**Activity**
Before printing, remove every picture; then print the lines below exactly, from the first line through the line containing "Vector pink white".

::: Supplied entries

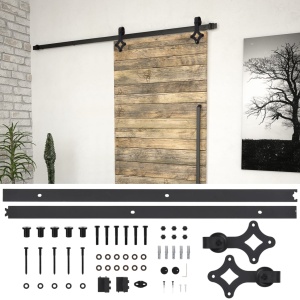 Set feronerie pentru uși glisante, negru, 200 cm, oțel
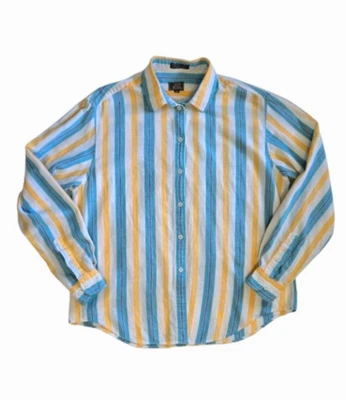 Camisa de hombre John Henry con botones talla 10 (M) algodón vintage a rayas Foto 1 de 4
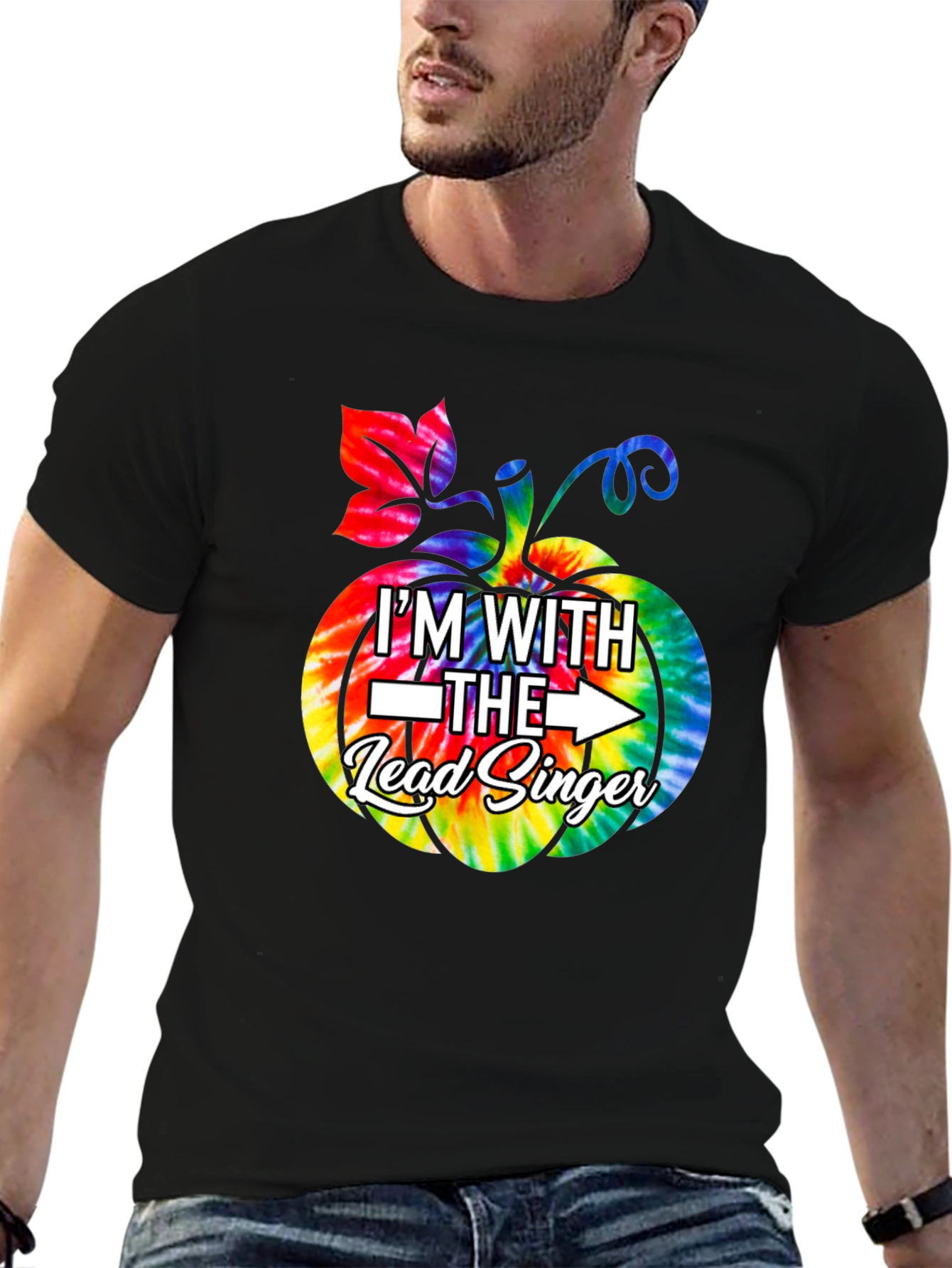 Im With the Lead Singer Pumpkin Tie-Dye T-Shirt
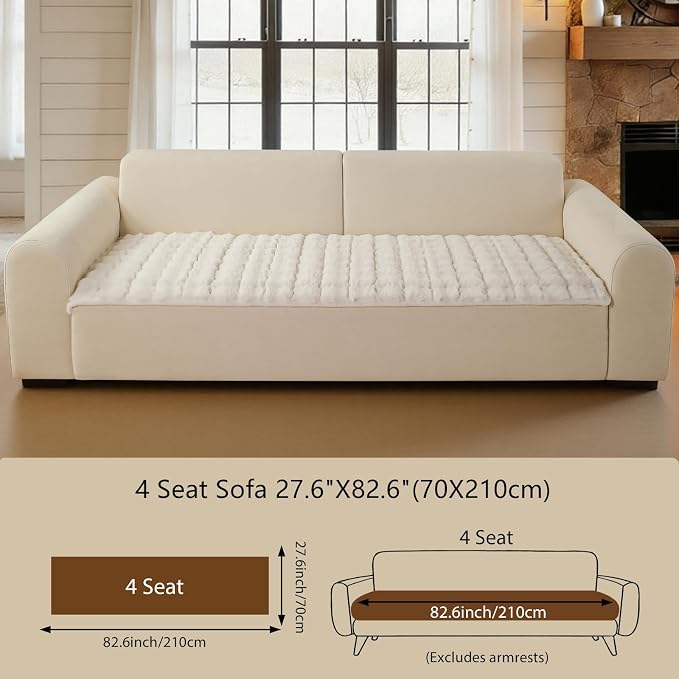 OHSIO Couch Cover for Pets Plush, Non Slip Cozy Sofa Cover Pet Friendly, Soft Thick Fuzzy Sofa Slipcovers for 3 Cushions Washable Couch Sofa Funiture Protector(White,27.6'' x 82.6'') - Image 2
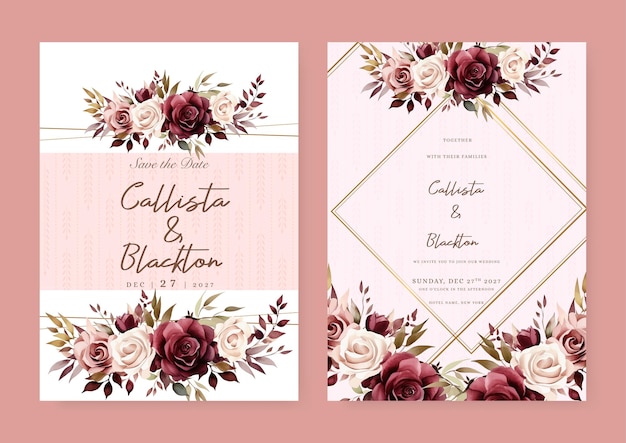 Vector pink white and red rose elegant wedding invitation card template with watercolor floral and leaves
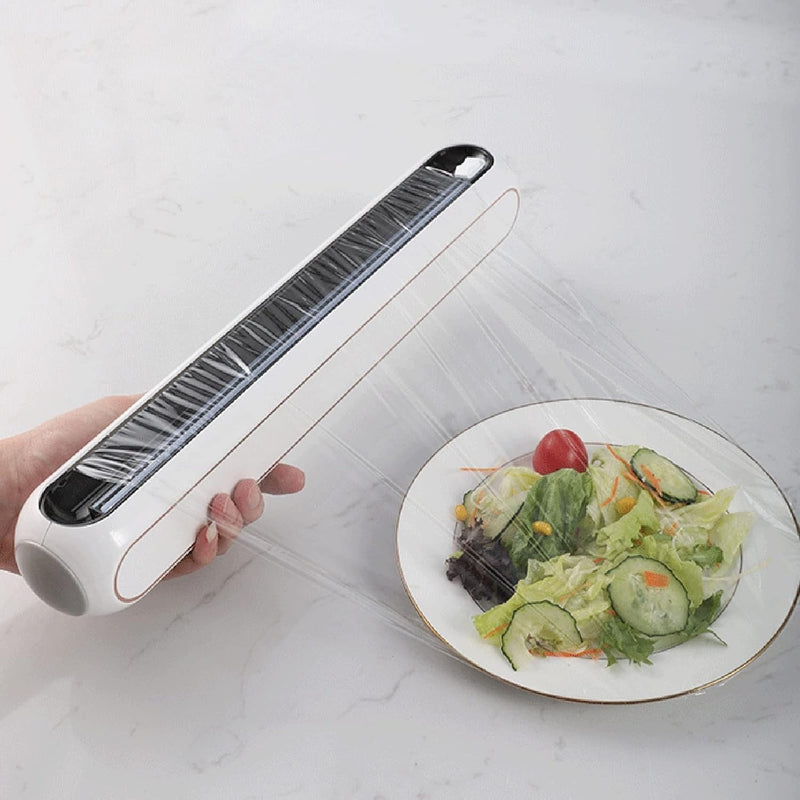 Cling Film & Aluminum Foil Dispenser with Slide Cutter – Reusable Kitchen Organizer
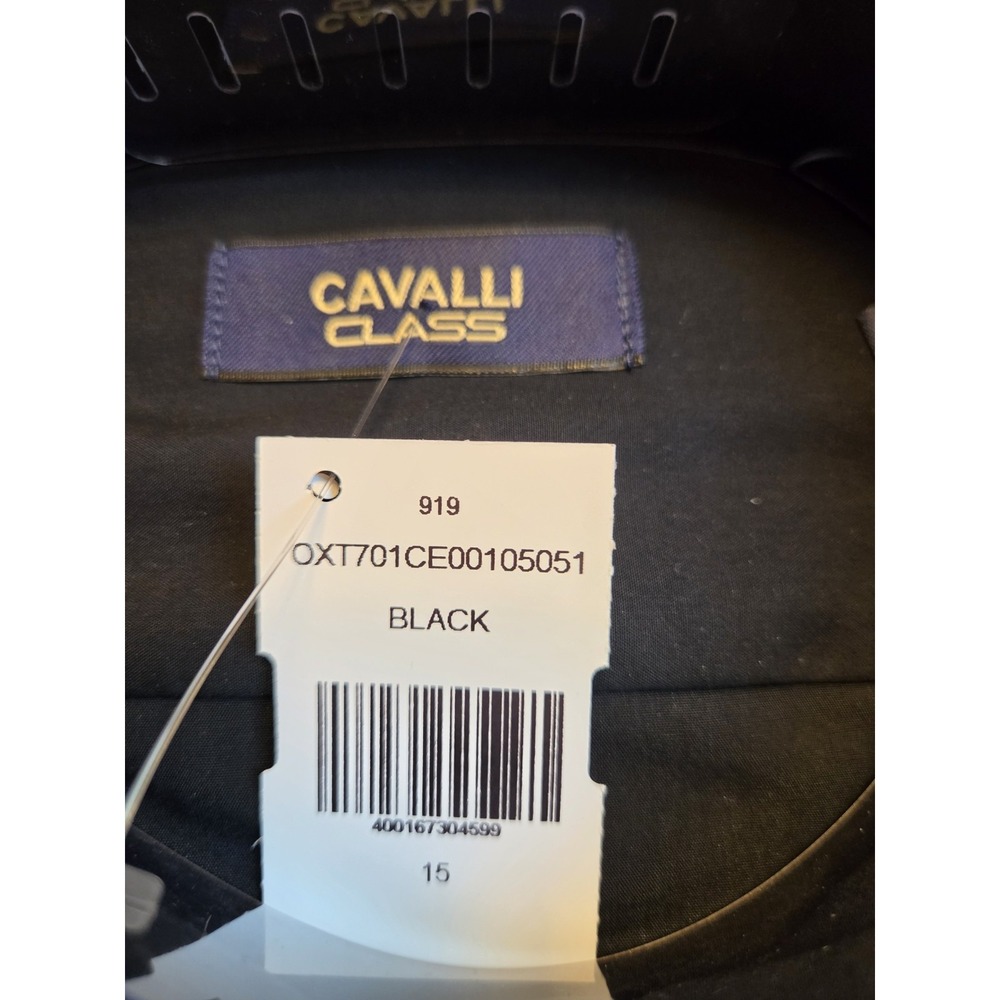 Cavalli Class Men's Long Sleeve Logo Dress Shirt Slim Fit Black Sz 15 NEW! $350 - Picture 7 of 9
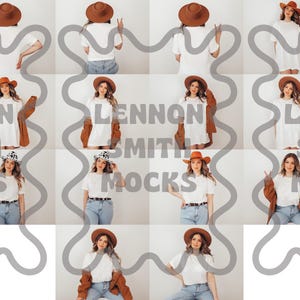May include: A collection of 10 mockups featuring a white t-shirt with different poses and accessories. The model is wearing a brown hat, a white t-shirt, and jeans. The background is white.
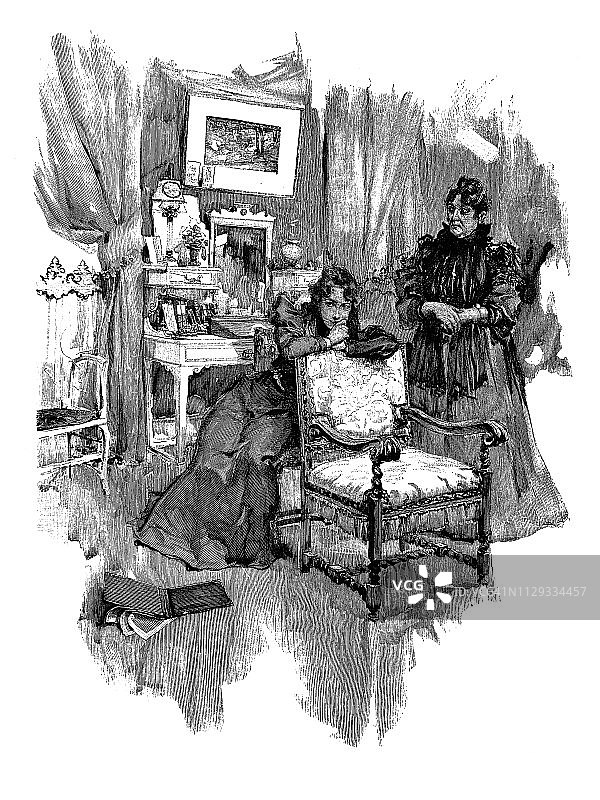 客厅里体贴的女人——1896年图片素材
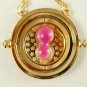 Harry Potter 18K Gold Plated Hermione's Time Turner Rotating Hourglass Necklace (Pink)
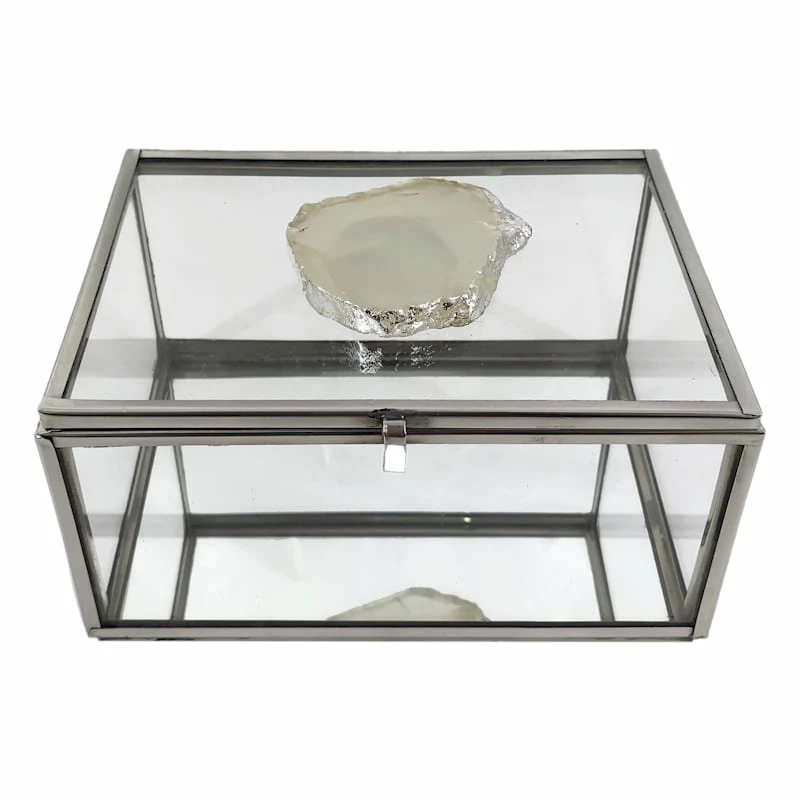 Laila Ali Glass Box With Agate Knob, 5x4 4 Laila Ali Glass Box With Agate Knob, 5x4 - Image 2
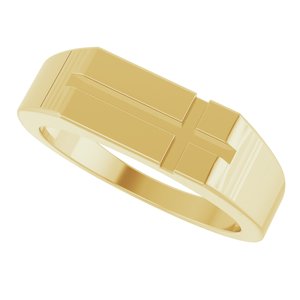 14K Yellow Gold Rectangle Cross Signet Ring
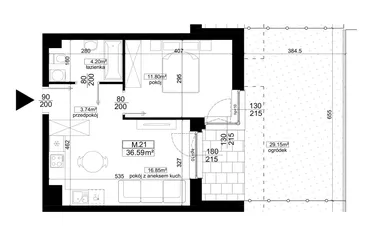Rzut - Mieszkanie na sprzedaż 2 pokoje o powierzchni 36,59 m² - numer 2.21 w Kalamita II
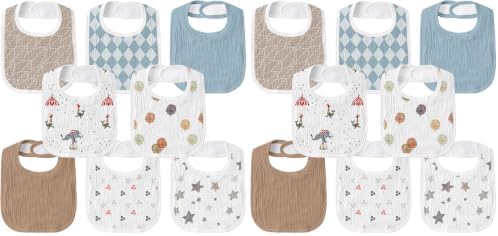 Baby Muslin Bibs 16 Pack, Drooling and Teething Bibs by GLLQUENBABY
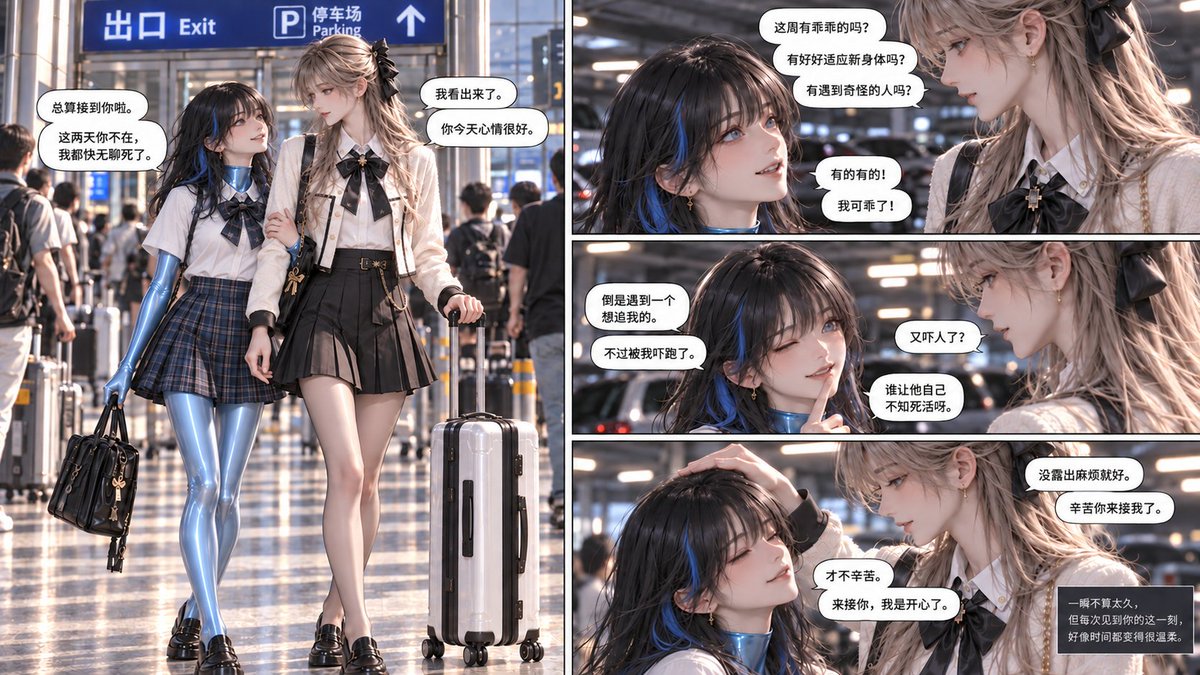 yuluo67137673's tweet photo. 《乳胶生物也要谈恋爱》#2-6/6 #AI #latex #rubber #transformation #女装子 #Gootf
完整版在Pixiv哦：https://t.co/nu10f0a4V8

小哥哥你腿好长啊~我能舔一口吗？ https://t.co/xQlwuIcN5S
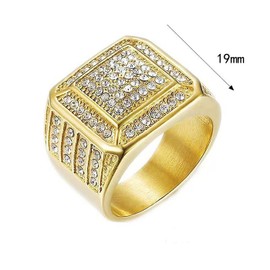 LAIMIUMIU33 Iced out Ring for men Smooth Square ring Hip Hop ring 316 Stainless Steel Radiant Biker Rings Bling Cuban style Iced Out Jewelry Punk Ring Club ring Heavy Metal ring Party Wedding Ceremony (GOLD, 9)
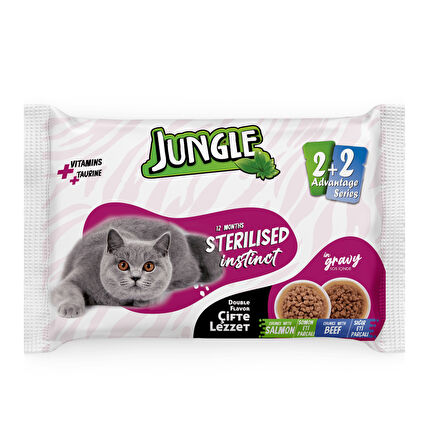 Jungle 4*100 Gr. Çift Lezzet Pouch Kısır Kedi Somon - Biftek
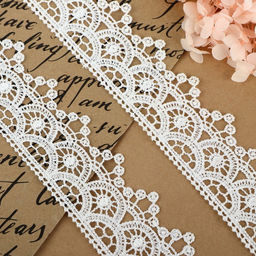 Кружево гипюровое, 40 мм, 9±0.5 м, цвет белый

::::::

**Response to this task**
 Set feronerie pentru uși glisante, negru, 200 cm, oțel
 Camisa de hombre John Henry con botones talla 10 (M) algodón vintage a rayas Foto 1 de 4
 Im With the Lead Singer Pumpkin Tie-Dye T-Shirt
 OHSIO Couch Cover for Pets Plush, Non Slip Cozy Sofa Cover Pet Friendly, Soft Thick Fuzzy Sofa Slipcovers for 3 Cushions Washable Couch Sofa Funiture Protector(White,27.6'' x 82.6'') - Image 2
 Vector pink white and red rose elegant wedding invitation card template with watercolor floral and leaves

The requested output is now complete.